■ **Records provided**
*-*-*
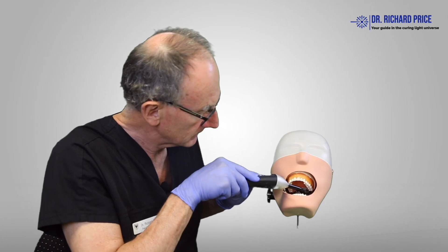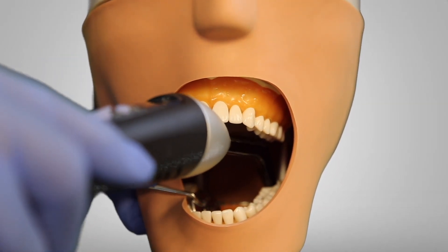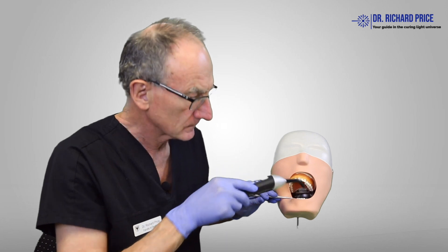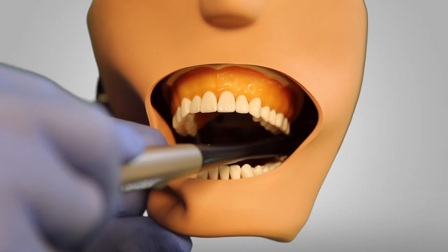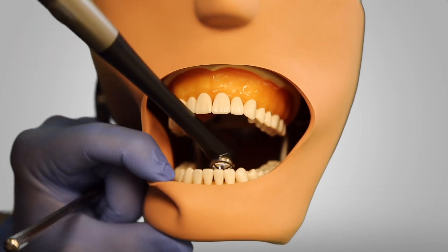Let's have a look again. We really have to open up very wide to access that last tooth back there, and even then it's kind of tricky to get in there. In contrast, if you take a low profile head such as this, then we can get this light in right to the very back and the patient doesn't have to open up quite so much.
*-*-*
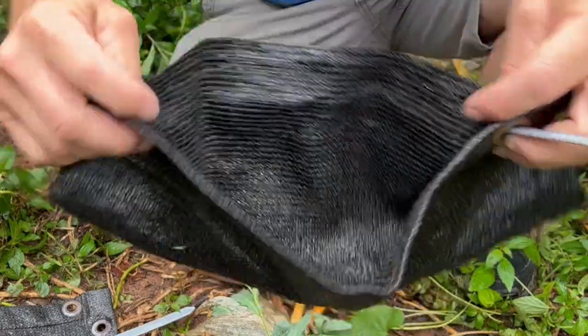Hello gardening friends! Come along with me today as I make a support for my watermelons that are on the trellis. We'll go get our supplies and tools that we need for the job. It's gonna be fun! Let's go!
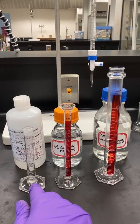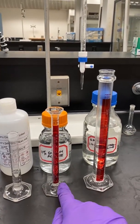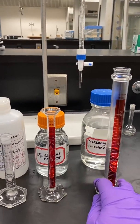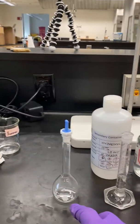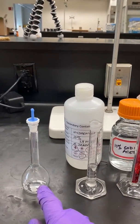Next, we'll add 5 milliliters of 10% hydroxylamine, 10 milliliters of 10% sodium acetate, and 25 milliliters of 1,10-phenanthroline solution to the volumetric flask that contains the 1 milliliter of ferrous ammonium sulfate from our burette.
*-*-*
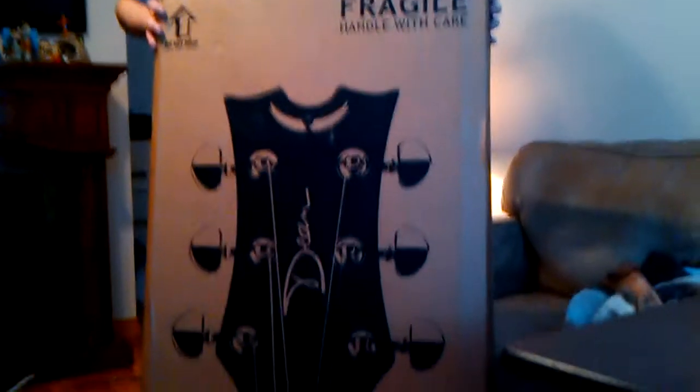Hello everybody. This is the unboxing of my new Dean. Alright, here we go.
*-*-*
■ **Task to carry out**
Copy out the lines above from the line containing "Hello gardening friends!" through the line containing "Next, we'll add", exactly, and keep the pictures out.

■ **Expected output**
Hello gardening friends! Come along with me today as I make a support for my watermelons that are on the trellis. We'll go get our supplies and tools that we need for the job. It's gonna be fun! Let's go!
Next, we'll add 5 milliliters of 10% hydroxylamine, 10 milliliters of 10% sodium acetate, and 25 milliliters of 1,10-phenanthroline solution to the volumetric flask that contains the 1 milliliter of ferrous ammonium sulfate from our burette.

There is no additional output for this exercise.